Several studies report conflicting findings in regard to the association between SBP and LINE-1 methylation, with varying directions of association (Fig. 2B) [42, 43]. Three studies report a negative association between DBP and LINE-1 methylation [26, 43, 44]. Furthermore, a single study also reports a negative association between HTN and LINE-1 methylation [45].
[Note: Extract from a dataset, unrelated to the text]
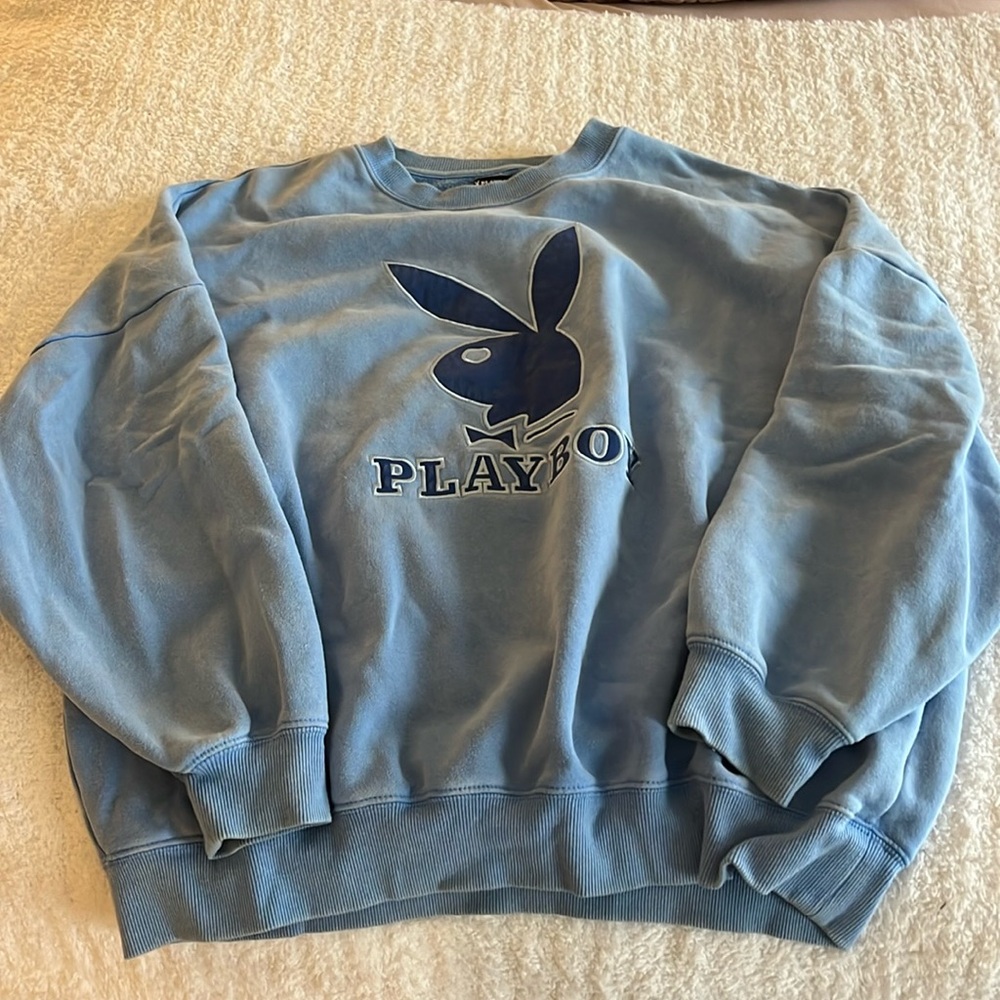 Playboy blue crewneck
Alu methylation was associated with both SBP and DBP with negative and positive associations [26, 46, 47]. Alu methylation was negatively associated with HTN [47] and positively associated with pre-HTN [48]. Additionally, 5mC was negatively associated with HTN [49, 50]. No significant associations were reported between BP traits and MC/C ratio.
Gene-specific DNA methylation
Gene-specific DNA methylation of 138 candidate genes was examined utilising data from 81 distinct studies (Table 2). Significant associations with either BP or HTN were reported for a total of 88 candidate genes. Most studies were conducted in original cohorts comprising individuals with diverse characteristics, including healthy individuals (9.9% of studies), those with HTN (38.3%), and obese individuals (6.2%), in addition to other disease states.
Twenty-five studies reported associations between SBP and DNA methylation examining a total of 45 genes. The most commonly reported genes included Tumour Necrosis Factor Alpha (TNF-a), Glucocorticoid receptor gene (GR) and Interleukin-6 (IL-6), all of which demonstrated conflicting directions of association between methylation and SBP (Fig. 2C) [51,52,53,54]. Similarly, among the 26 studies reporting an association between DNA methylation and DBP, the most commonly reported genes also included TNF-a, GR and IL-6, along with Toll-like receptor 2 (TLR2) methylation, which exhibited both positive and negative associations with DBP (Fig. 2b) [54, 55].
Angiotensin II Receptor Type 1 (AGTR1) methylation was the most frequently studied gene in relation to HTN, with studies again reporting both positive and negative associations (Fig. 2C) [56,57,58]. Cystathionine Beta Synthase (CBS) methylation was positively associated with HTN [59, 60], while ADD1 methylation was negatively associated with HTN [61, 62]. MTHFR methylation was positively associated with HTN, in addition to other genes involved in folate and one-carbon metabolism, such as dihydrofolate reductase (DHFR) and methylenetetrahydrofolate dehydrogenase (MTHFD1) [29, 63, 64].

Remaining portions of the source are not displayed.